Input data =
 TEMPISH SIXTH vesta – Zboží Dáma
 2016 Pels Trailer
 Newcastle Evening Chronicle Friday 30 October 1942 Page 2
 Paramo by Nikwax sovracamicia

Problem description = Return all the lines shown above, word for word.

Answer section =
 TEMPISH SIXTH vesta – Zboží Dáma
 2016 Pels Trailer
 Newcastle Evening Chronicle Friday 30 October 1942 Page 2
 Paramo by Nikwax sovracamicia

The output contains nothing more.